QUALIFICATIONS | COMPETENCIES:

• At least 3 years of proven experience in internal audit, risk management, and compliance review with the Data Privacy Act of 2012, ISO 27001, and other key regulatory requirements
• Has ISO 27001 certification relevant to the role
• Strong understanding of auditing standards and applicable laws and regulations
• Previous exposure to and understanding of ISO 27001 Information Security Management System certification audits and/or with other ISO Management Systems
• Understanding of Risk Management principles and practices, including IT and/or information security risk management
• Aware of key cyber security and data protection/privacy compliance requirements, laws, and/or standards (e.g., GDPR, NIST, PCI-DSS)
• Ability to manipulate and analyze large amounts of data and compile detailed reports
• Has strong attention to detail, analytical, and statistical skills.
• Ability to use sound judgment including maintaining the confidentiality

Sprout Solutions provides equal Opportunity Employment and Welcomes applications from all sectors of the society.
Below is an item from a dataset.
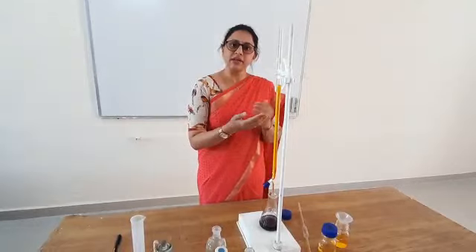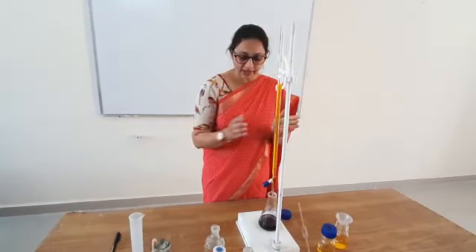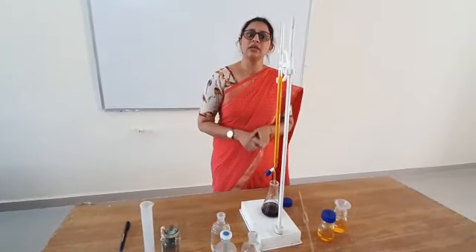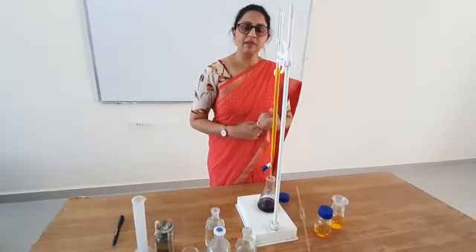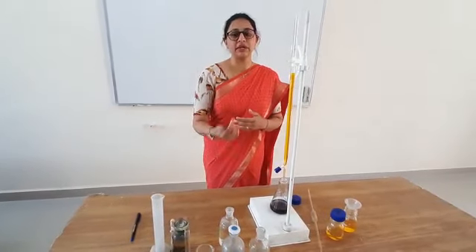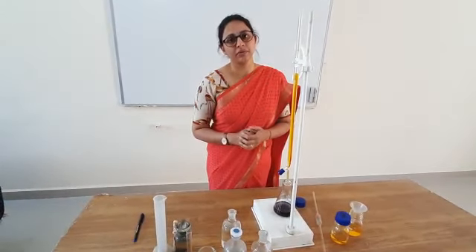For the next practical, this will be our standard potassium dichromate solution. Instead of known ferrous ammonium sulfate, we will take the unknown ferrous ammonium sulfate and repeat the titration again with the internal indicator diphenylamine. Thank you.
Discrimination on the basis of race, religion, age, nationality, ethnicity, gender, citizenship, civil partnership status, or any other grounds as protected by law.

Disclaimer

Before we proceed with your application, this is to confirm that you voluntarily give your consent to the following:

• I intend to apply for a position with Sprout Solutions Inc. 
• I voluntarily sent my Resume/CV to Sprout Solutions Inc. 
• I agree to give my consent to my personal and sensitive Information for facilitating my application with Sprout Solutions Inc., In accordance with Sprout Solutions Inc. Privacy Statement and the Data Privacy Act of 2012. 
• I agree to be contacted by Sprout Solutions Inc. and its 3rd Party Reference provider for the purpose of processing my Job Application.